**To do**. An exact reproduction of the listing is wanted, with the pictures dropped.

**Data section**.
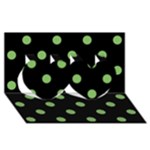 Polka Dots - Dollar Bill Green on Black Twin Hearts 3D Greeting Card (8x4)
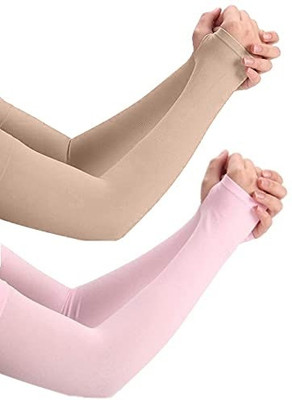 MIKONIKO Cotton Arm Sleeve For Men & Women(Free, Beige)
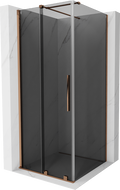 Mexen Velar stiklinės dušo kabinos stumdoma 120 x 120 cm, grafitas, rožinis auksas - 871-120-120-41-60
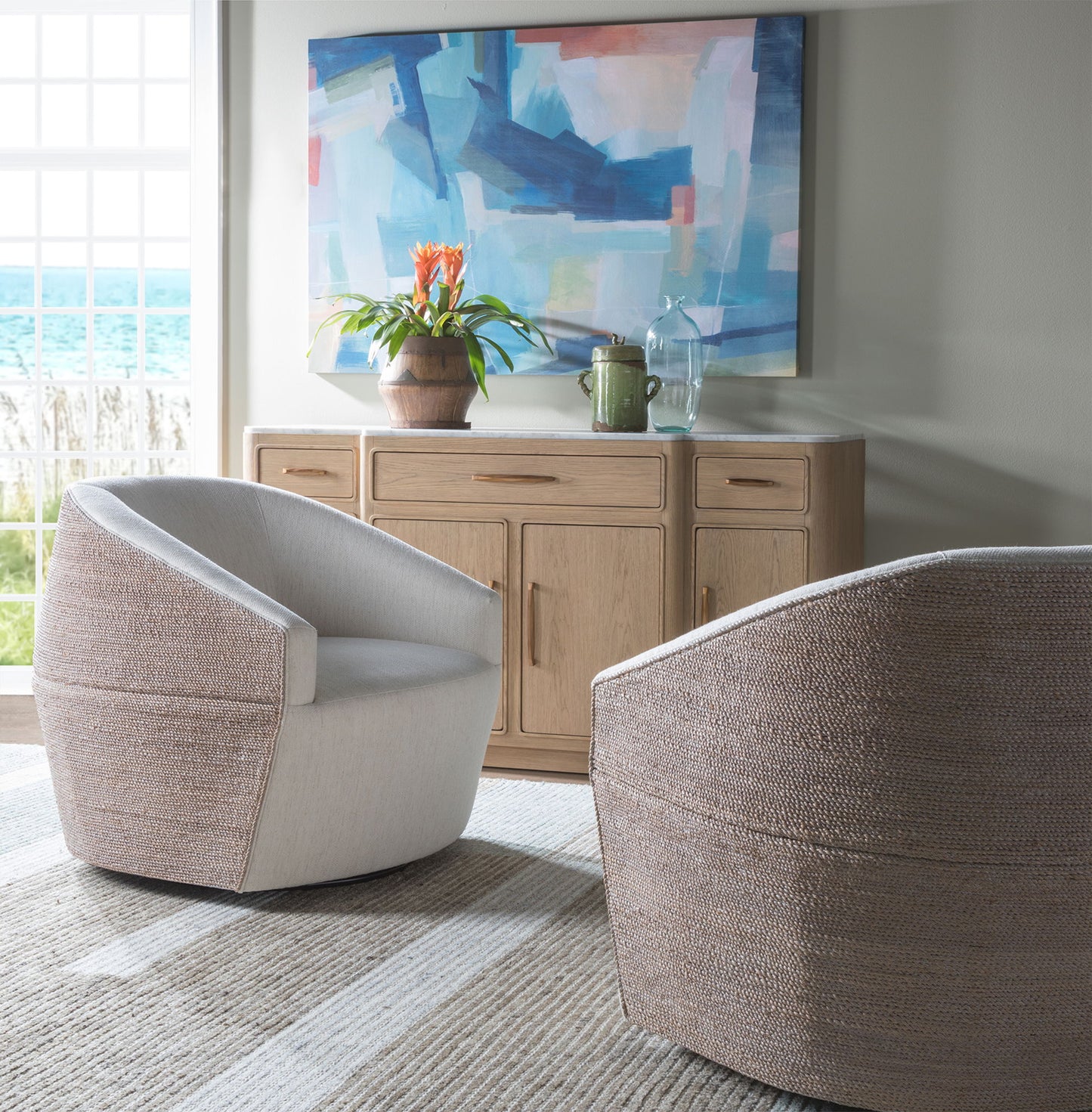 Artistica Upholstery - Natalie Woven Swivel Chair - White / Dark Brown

**Task solution**.
 Polka Dots - Dollar Bill Green on Black Twin Hearts 3D Greeting Card (8x4)
 MIKONIKO Cotton Arm Sleeve For Men & Women(Free, Beige)
 Mexen Velar stiklinės dušo kabinos stumdoma 120 x 120 cm, grafitas, rožinis auksas - 871-120-120-41-60
 Artistica Upholstery - Natalie Woven Swivel Chair - White / Dark Brown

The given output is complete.